-- Opening Marker --
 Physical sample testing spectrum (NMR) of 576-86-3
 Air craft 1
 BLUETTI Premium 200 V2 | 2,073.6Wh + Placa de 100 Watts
-- Closing Marker --
_EXERCISE INSTRUCTIONS_: Every line above is to be transcribed exactly.

_SOLUTION TO THE EXERCISE_:
 Physical sample testing spectrum (NMR) of 576-86-3
 Air craft 1
 BLUETTI Premium 200 V2 | 2,073.6Wh + Placa de 100 Watts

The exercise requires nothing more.